I'm currently going through Artin's Algebra, and it has me prove the Chinese Remainder Theorem. The book states the problem in the context of congruence classes, and I think I have a solution, but I haven't found anything like it online, and I'm not sure if it's correct. My proof is as follows:
Let $\textit{a, b, u, v}$ be integers, and assume that the greatest common divisor of $\textit{a}$ and $\textit{b}$ is 1. We will show that there is an integer $\textit{x}$ such that $\textit{x}$ $\equiv$ $\textit{u}$ modulo $\textit{a}$, and $\textit{x}$ $\equiv$ $\textit{v}$ modulo $\textit{b}$. Observe that the congruence class for $\textit{u}$ modulo $\textit{a}$ is equal to the set { . . . , -a + u, u, a + u, . . . }; similarly, the congruence class for $\textit{v}$ modulo $\textit{b}$ is the set { . . . , -b + v, v, b + v, . . .}. If $\textit{x}$ exists, then it is a member of both congruence classes, so that for some integers $\textit{m}$ and $\textit{n}$, $\textit{x}$ = $\textit{ma}$ + $\textit{u}$, and $\textit{x}$ = $\textit{nb}$ + $\textit{v}$, so $\textit{ma}$ + $\textit{u}$ = $\textit{nb}$ + $\textit{v}$, and therefore $\textit{ma}$ - $\textit{nb}$ = $\textit{v - u}$. Since $\textit{a}$ and $\textit{b}$ have a common divisor of 1, the set of all their integer combinations is exactly $\mathbb{Z}$; therefore, there are integers $\textit{m}$ and $\textit{n}$ such that $\textit{ma}$ - $\textit{nb}$ = $\textit{v - u}$. Thus $\textit{x}$ exists, and the proof is complete.

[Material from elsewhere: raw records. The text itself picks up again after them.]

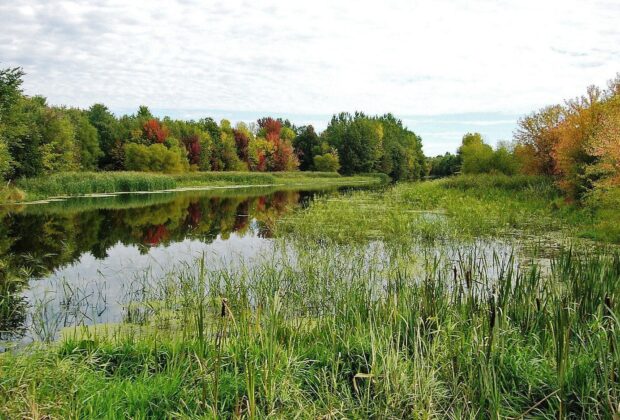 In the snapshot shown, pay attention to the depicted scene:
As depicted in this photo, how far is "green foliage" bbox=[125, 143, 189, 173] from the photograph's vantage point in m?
49.7

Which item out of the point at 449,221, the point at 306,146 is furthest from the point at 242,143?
the point at 449,221

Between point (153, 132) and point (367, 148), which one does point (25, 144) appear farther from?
point (367, 148)

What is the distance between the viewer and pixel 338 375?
4.39m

Like I said, I haven't found a proof like this anywhere online, and I'm really wondering if it's valid, so I'd really appreciate if someone could help. Also, this is my first time posting, so my formatting might be below par; please let me know if I need to correct anything in that regard. Thank you!